When Jordan dismissed theories of evolution and envisioned fish taxonomy to reflect God's intentional design, Miller uses his story to argue that scientific facts do not exist independently of the scientists who work to establish them, as all taxonomy involves ambiguity and selective judgment that reflect the classifiers’ biases. By chronicling Jordan’s contributions yet refusal to acknowledge inconvenient data, Miller examined the complex interplay between discovery and prejudice, crafting a thoughtful study of the human decisions that establish what we accept as objective facts about the natural world.

Perhaps even more fascinating was how Jordan’s fragile fish collection was crushed not once but multiple times. Yet, he refused defeat and resurrected his work again and again. It’s tenacity and unwavering dedication on his part, the irony of which further sets us up for the twist at the very end on the book’s punchy title: why fish don’t exist.

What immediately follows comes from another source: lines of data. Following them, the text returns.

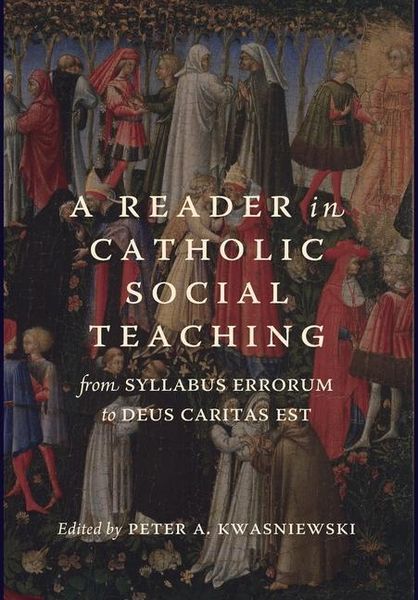 Produktbild: A Reader in Catholic Social Teaching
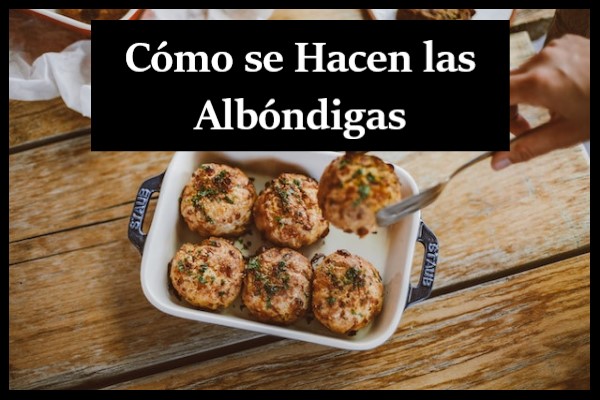 como se hacen las albondigas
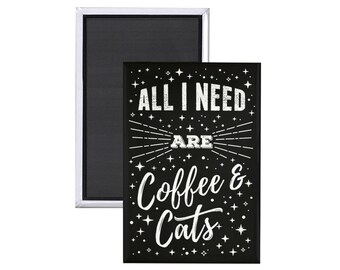 All I Need Are Coffee & Cats Magnet. Cat Magnet. Coffee Magnet. Cat addict magnet. Funny cat and coffee magnet. cat and coffee gift idea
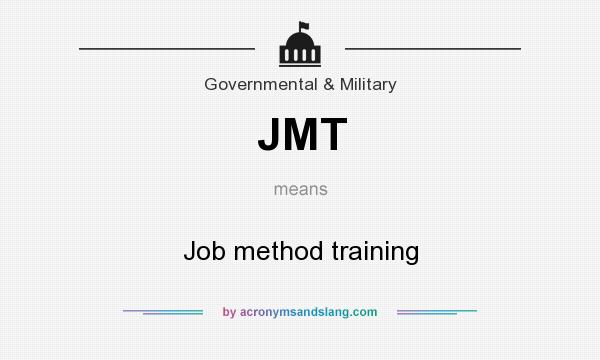 What does JMT mean? It stands for Job method training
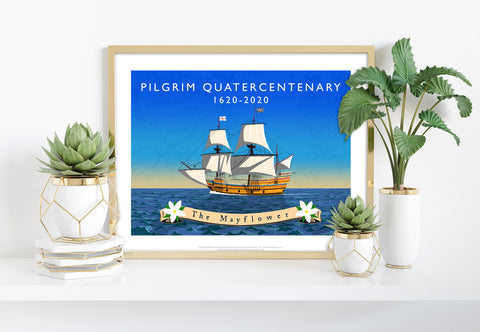 The Mayflower, Pilgrim Quatercentenary - Art Print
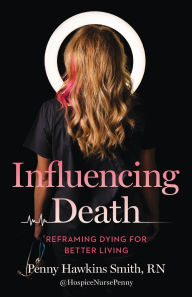 Ebooks free online download Influencing Death: Reframing Dying for Better Living 9781959411963 (English Edition)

By contrast, Jordan believed humans underwent evolution (vs fish hierarchy being an act of God), resulting in hierarchical races with arbitrary yet inheritable traits. We often conveniently credit eugenics to the Nazis when really, Jordan was one of its first advocators. Instead of condemning races to death, he held a yardstick of intelligence, mental illnesses and criminal history, spearheading American policies for compulsory sterilisation to improve” the gene pool. It’s chilling to think that even he, a highly respected scientist, stooped so low as to use his scientific authority to advance racism.

But the book is as much about the emerging fields of taxonomy, genetics and evolution in the late 1800s as it was about Jordan – and Miller herself. As readers ride along Jordan’s life story, Miller also blends in her struggles, mostly centred around her father’s passing and the challenging life views it left behind. In a smooth narrative, Miller weaves witty humour into her empathy and grief, turning to Jordan’s life publications to glimpse how to grapple with the world.

Why Fish Don’t Exist may be a fascinating account of how subjectivity can influence even a highly respected scientist, bringing him down to earth a notch, but at heart, it is a reminder of how we hinge our life upon our faiths, rational or not, to survive the curveballs it throws at us.